### TASK INSTRUCTIONS
The lines below, from the one holding "часы Louis Moinet Tempograph" through the final line, are to be copied exactly, with no other lines and no pictures.

:: SUPPLIED MATERIAL ::

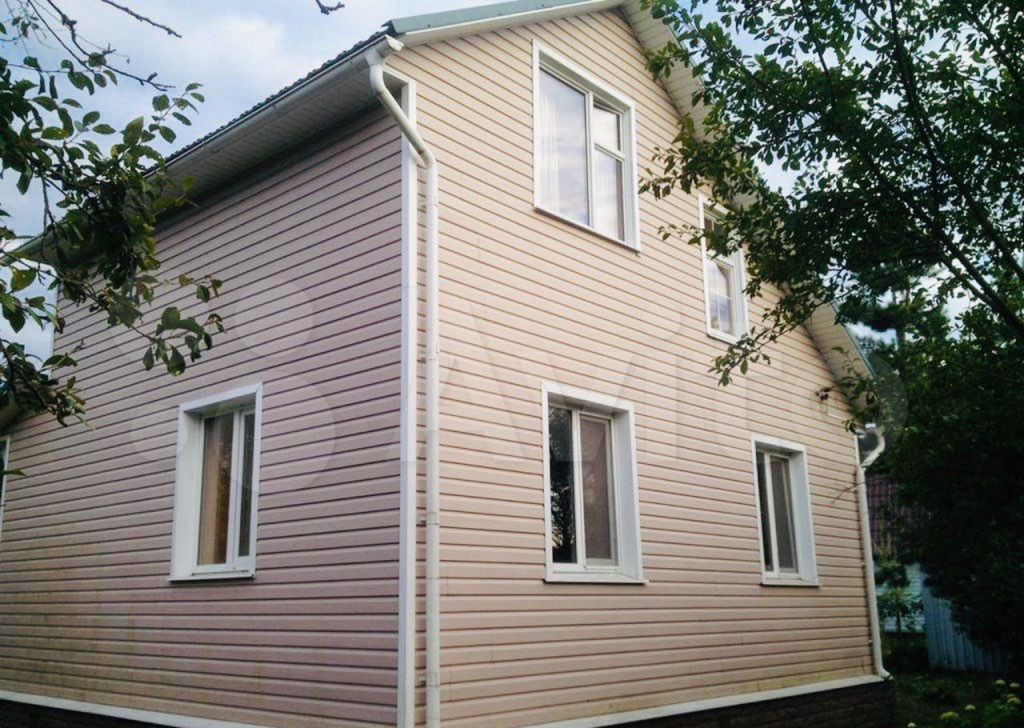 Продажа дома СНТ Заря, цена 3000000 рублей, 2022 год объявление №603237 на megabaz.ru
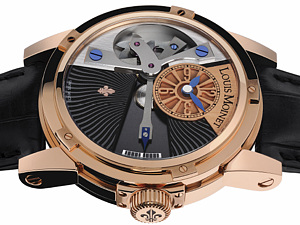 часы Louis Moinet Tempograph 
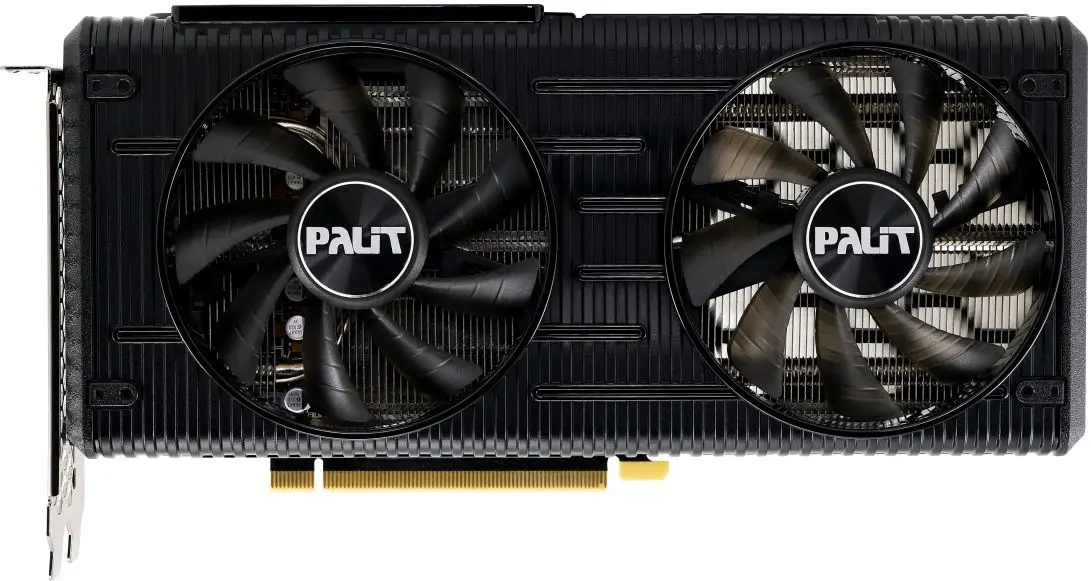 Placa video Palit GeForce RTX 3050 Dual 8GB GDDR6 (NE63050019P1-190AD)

:::

### TASK RESULT
 часы Louis Moinet Tempograph 
 Placa video Palit GeForce RTX 3050 Dual 8GB GDDR6 (NE63050019P1-190AD)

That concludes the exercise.